Jessica Mitford, whose book “The American Way of Death” won her enormous popularity as an irreverent muckraker and witty polemicist, died Tuesday at her home in Oakland, Calif. She was 78.
The cause was cancer, said her daughter, Constancia Romilly.
Over the more than three decades that she wrote nonfiction, Mitford railed against those who tried to suppress dissent over the Vietnam War; against a prison system she found to be corrupt and brutalizing, and against a medical profession she thought was greedy and given to unnecessary procedures. She even exposed the odd doings of her sisters.
But it was “The American Way of Death,” published in 1963, that made Mitford, who was born in Britain, a formidable literary figure in the United States, her adopted country. At the time of her death she was preparing a revision to be published next year by Alfred A. Knopf.
The book, a scathing indictment of the funeral industry, said that undertakers had “successfully turned the tables in recent years to perpetrate a huge, macabre and expensive practical joke on the American public.”
She explored the changing lexicon of death, in which undertakers had come to call themselves “funeral directors” and “morticians,” coffins had become “caskets,” and hearses had become “professional cars.” In the new order, she said, flowers were “floral tributes” and corpses were always called “loved ones.” One of the results of all this, she said, was that the cost of dying was going up faster than was the cost of living.
She told her readers unsettling things about their neighborhood undertakers, much to the dismay of the trade, and at the end of the book she included a list of medical schools that might have good use for a dead body. She felt strongly that someone’s mortal remains would be better off studied by medical students than transformed into a profit center for those in the business of marketing and planning funerals.
The New Yorker hailed the book as a “brilliant journalistic case against the whole funeral industry” and it brought an investigation by the Federal Trade Commission. But not everyone was pleased. James B. Utt, then a Republican congressman from California, a state known for its Pharaonic funerals and ornate cemeteries, denounced Mitford as “pro-Communist, anti-American.”
Utt said he suspected that profits from the book “no doubt will find their way into the coffers of the Communist Party, U.S.A.” Actually, Mitford had been a Communist in the 1940s but had quit the party.
Jessica Mitford was born on Sept. 11, 1917, at Batsford Mansion in Gloucestershire, England, one of seven children (six daughters and a son) and the youngest daughter born to Lord Redesdale (David Mitford) and Lady Redesdale, the former Sydney Bowles.
It was by any measure a family given to eccentricity. One of Mitford’s elder sisters, Pamela, aspired, as a child, to be a horse. Another, Diana, wanted to be a Fascist and succeeded in becoming the wife of Sir Oswald Mosley, the ranking Fascist leader of Britain. Another daughter, Unity, went to Germany, became a disciple of Hitler, shot herself and died nine years later.

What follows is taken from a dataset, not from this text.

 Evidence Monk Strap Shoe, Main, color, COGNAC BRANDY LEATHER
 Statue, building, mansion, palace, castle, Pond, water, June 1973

Mitford’s eldest sister, Nancy, became a novelist and is best remembered for “The Pursuit of Love” and “Love in a Cold Climate.”
Mitford was a union organizer, a bartender at a Miami restaurant, a clerk in a Washington dress shop and a typist and later an investigator at the Office of Price Administration in World War II.
In 1943, she married Robert E. Treuhaft, a Brooklyn lawyer, and the couple moved to Oakland, Calif. When Mitford was 38 years old, she decided that she would become a writer. She had largely failed at her other jobs and, she later wrote, “I figured that the only thing that requires no education and no skills is writing.”
She wrote her first book, “Life-itselfmanship,” in 1956. It was privately published and had little circulation. Her second effort, “Daughters and Rebels,” an autobiography, was published in 1960 and won praise from the critics. Her next book was “The American Way of Death,” which remained on the best-seller list for a year.
Late in life, she was asked what sort of funeral she wanted. An elaborate one, she replied, with “six black horses with plumes and one of those marvelous jobs of embalming that take 20 years off.”